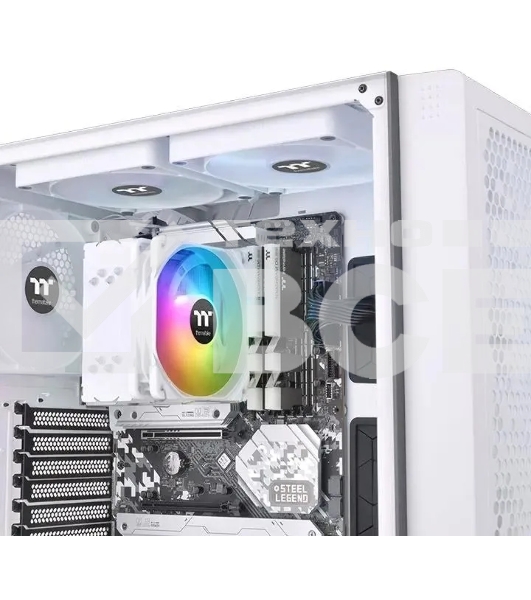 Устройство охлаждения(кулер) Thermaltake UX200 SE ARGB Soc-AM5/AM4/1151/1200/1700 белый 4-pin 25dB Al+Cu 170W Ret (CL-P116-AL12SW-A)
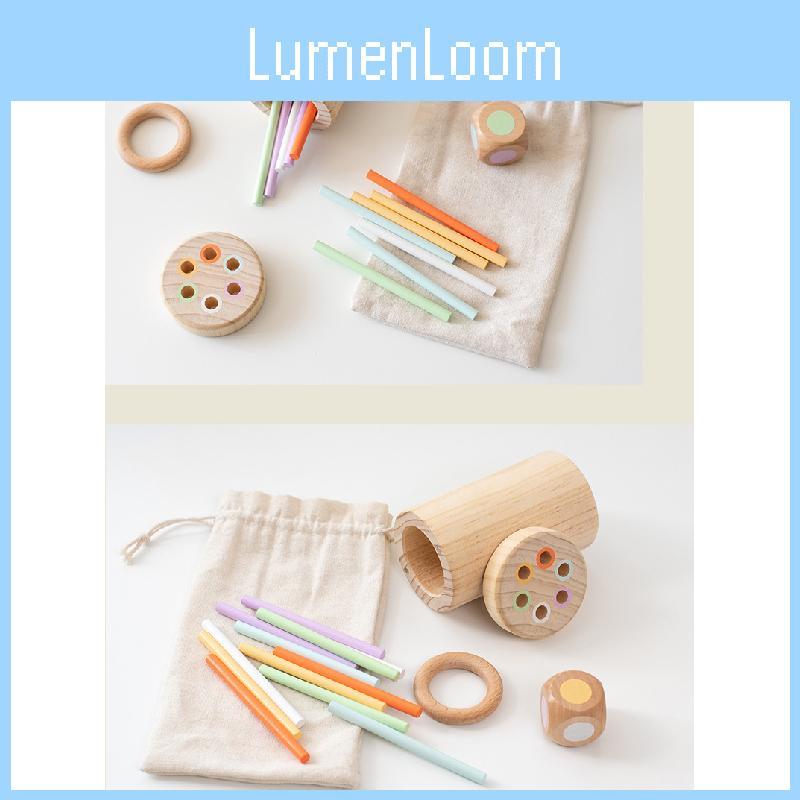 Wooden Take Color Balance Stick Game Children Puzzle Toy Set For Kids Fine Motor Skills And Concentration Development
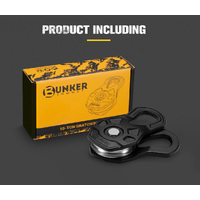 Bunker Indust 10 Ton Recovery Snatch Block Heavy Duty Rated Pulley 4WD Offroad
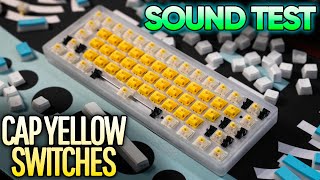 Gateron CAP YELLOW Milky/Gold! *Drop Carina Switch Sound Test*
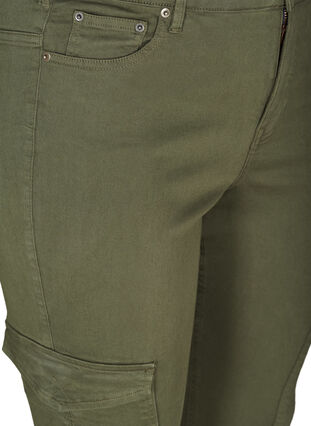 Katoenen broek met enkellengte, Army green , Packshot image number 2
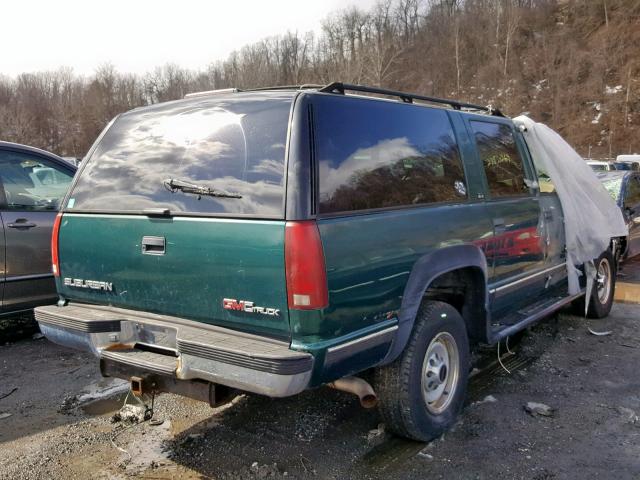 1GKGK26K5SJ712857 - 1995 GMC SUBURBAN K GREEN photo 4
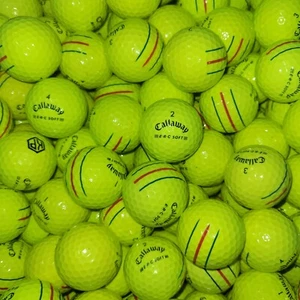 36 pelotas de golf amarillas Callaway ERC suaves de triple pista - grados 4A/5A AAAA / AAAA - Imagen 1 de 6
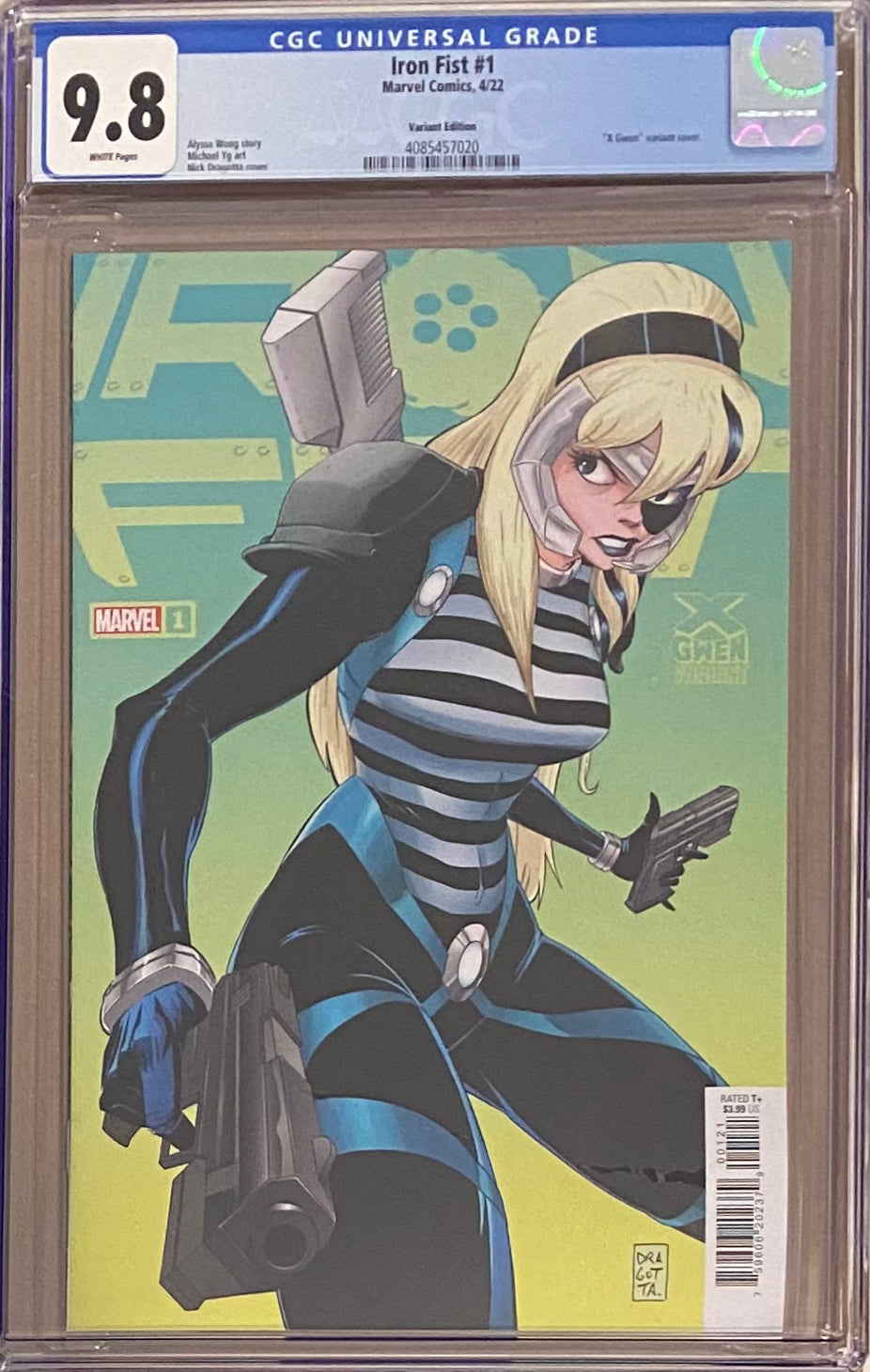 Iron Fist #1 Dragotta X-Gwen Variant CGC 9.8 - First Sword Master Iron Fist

# # # # # # #

WHAT THE EXERCISE ASKS -
Please set down, exactly and with nothing added, the lines from the line with "Katoenen broek met" to the end of the entries above, omitting pictures.

YOUR RESPONSE -
 Katoenen broek met enkellengte, Army green , Packshot image number 2
 1GKGK26K5SJ712857 - 1995 GMC SUBURBAN K GREEN photo 4
 36 pelotas de golf amarillas Callaway ERC suaves de triple pista - grados 4A/5A AAAA / AAAA - Imagen 1 de 6
 Iron Fist #1 Dragotta X-Gwen Variant CGC 9.8 - First Sword Master Iron Fist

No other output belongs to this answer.